#3,533
“No lo digo porque tenga
escasez, pues he aprendido a contentarme, cualquiera que sea mi situación. Sé
vivir humildemente, y sé tener abundancia; en todo y por todo estoy enseñado,
así para estar saciado como para tener hambre, así para tener abundancia como
para padecer necesidad”. Amén.
¿Qué clase de vida crees que
satisface? ¿Una con pocos problemas, buena
salud, estabilidad económica, etc.? Pero esa no fue la experiencia del apóstol
Pablo.
Su vida estuvo llena de
peligros, rechazos, ataques personales, palizas y encarcelamientos, y sin embargo afirmó haber aprendido el secreto de
estar contento en toda circunstancia. La fuente de su alegría no era, sin duda,
su situación, lo cual también puede ser cierto para ti.

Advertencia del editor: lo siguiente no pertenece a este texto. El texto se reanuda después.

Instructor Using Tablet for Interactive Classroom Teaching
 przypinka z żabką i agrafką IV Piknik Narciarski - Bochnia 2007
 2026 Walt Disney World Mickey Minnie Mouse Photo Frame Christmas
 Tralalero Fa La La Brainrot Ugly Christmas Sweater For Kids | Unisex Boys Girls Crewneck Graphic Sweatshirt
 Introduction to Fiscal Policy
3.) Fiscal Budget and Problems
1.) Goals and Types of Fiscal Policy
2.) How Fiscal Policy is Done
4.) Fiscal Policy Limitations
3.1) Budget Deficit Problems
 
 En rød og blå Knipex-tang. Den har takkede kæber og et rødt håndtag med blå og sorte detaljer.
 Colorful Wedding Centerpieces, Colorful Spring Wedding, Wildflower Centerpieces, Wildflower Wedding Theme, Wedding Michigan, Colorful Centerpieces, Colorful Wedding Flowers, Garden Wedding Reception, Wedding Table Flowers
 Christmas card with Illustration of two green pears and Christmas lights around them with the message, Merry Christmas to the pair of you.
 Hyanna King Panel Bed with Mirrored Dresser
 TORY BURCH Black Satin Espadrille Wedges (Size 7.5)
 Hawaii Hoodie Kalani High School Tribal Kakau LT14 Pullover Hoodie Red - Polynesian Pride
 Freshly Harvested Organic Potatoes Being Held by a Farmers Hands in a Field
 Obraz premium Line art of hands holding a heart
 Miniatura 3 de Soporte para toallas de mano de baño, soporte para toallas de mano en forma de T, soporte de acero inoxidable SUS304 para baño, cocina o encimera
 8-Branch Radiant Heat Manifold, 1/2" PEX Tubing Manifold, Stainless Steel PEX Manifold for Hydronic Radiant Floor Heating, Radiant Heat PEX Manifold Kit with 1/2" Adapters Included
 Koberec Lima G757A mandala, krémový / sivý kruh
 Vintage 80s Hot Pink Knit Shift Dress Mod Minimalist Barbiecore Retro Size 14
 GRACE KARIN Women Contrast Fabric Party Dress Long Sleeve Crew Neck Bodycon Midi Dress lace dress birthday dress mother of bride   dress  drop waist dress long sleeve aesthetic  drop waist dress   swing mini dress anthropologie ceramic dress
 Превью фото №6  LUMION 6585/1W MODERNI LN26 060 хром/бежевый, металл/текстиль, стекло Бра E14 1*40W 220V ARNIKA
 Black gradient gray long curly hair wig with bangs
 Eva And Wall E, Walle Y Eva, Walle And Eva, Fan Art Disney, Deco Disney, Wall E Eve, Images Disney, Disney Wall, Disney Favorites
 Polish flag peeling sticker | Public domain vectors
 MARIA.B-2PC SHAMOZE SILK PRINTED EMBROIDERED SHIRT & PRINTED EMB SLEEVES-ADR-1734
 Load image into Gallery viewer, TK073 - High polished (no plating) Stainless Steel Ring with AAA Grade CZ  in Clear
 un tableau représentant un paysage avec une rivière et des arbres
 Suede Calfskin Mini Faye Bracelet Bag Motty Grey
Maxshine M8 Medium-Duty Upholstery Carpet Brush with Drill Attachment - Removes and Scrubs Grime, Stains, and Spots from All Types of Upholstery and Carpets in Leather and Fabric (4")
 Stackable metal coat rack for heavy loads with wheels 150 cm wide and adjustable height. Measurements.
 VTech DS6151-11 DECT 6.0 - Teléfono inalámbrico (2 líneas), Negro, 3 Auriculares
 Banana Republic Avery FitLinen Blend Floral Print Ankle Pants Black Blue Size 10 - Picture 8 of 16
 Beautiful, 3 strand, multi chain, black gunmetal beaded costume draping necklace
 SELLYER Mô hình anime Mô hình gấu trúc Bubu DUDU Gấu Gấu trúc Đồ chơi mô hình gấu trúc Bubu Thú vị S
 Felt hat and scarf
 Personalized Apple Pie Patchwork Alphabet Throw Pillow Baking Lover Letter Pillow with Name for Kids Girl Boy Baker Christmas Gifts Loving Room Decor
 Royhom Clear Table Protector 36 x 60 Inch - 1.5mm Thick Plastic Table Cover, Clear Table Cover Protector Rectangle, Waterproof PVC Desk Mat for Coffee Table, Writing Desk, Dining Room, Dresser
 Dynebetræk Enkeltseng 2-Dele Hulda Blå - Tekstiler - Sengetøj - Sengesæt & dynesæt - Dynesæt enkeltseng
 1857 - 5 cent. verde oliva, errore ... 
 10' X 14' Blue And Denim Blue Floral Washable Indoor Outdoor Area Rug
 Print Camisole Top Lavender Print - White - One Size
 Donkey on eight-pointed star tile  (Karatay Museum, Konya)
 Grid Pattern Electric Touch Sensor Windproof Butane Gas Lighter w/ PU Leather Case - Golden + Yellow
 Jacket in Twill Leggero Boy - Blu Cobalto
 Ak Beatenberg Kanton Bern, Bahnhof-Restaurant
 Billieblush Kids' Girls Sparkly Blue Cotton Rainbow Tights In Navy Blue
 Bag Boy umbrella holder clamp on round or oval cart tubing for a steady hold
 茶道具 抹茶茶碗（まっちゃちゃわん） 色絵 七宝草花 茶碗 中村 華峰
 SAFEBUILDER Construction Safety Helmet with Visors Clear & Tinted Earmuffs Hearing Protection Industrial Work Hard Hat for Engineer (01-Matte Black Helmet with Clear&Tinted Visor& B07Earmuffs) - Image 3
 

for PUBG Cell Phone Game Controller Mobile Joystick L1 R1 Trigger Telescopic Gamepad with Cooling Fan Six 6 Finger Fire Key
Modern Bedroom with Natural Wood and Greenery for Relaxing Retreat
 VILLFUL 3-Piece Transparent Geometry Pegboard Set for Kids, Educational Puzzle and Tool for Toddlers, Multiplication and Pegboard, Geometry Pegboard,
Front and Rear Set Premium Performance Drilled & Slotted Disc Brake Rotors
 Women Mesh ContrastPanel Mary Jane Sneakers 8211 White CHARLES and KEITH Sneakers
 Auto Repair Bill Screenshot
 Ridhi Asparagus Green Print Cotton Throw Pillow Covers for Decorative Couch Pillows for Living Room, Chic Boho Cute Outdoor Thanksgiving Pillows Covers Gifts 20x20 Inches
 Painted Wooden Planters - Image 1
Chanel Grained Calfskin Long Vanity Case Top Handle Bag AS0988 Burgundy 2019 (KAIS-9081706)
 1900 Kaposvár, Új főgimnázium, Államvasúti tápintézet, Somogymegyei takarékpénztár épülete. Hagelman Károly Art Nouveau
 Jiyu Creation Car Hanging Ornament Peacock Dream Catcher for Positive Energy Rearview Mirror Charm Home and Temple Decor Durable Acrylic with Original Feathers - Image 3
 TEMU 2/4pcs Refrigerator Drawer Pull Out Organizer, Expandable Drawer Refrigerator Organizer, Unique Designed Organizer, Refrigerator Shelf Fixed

El secreto que él descubrió fue
enfocarse y regocijarse en el Señor. Pablo
sabía que era rico espiritualmente y que había recibido “toda bendición
espiritual en los lugares celestiales en Cristo” (Efesios 1.3). Las comodidades y los placeres de esta vida no eran
dignos de ser comparados con la gloria eterna que le aguardaba (Romanos 8.18).
El contentamiento
es difícil de encontrar, aún más difícil de mantenerlo. Siempre hay algo más
nuevo y mejor que adquirir o una relación más atractiva que procurar.
Es más, las
dificultades de la vida pueden aplastarnos si no mantenemos nuestro enfoque en
el Señor. Cuando te sientas insatisfecho, recuerda lo que tienes en Cristo, y
reacciona de acuerdo con estas verdades, y no con tus sentimientos.
Muy feliz
día. ¡Dios te bendiga!
(Referencia: En.Contacto)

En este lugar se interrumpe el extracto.